___ Data provided
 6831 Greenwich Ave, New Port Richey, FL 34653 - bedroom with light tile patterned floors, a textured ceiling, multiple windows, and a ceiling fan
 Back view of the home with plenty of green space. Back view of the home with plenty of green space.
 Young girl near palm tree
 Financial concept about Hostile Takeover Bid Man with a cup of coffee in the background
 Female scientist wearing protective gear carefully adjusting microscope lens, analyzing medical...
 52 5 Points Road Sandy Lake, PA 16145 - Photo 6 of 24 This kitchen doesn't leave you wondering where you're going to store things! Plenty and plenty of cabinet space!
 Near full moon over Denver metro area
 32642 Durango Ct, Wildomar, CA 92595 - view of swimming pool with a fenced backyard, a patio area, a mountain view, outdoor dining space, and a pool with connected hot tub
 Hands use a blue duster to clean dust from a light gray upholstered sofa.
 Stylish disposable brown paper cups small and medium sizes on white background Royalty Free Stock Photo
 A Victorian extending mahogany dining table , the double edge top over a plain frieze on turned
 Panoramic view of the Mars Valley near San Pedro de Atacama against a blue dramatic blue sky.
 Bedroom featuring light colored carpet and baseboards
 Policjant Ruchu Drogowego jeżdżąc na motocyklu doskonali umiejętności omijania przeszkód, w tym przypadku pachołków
______
Check each line of the material above for the word "Photo", then state how many lines hold it. Only the number.

Expected output
2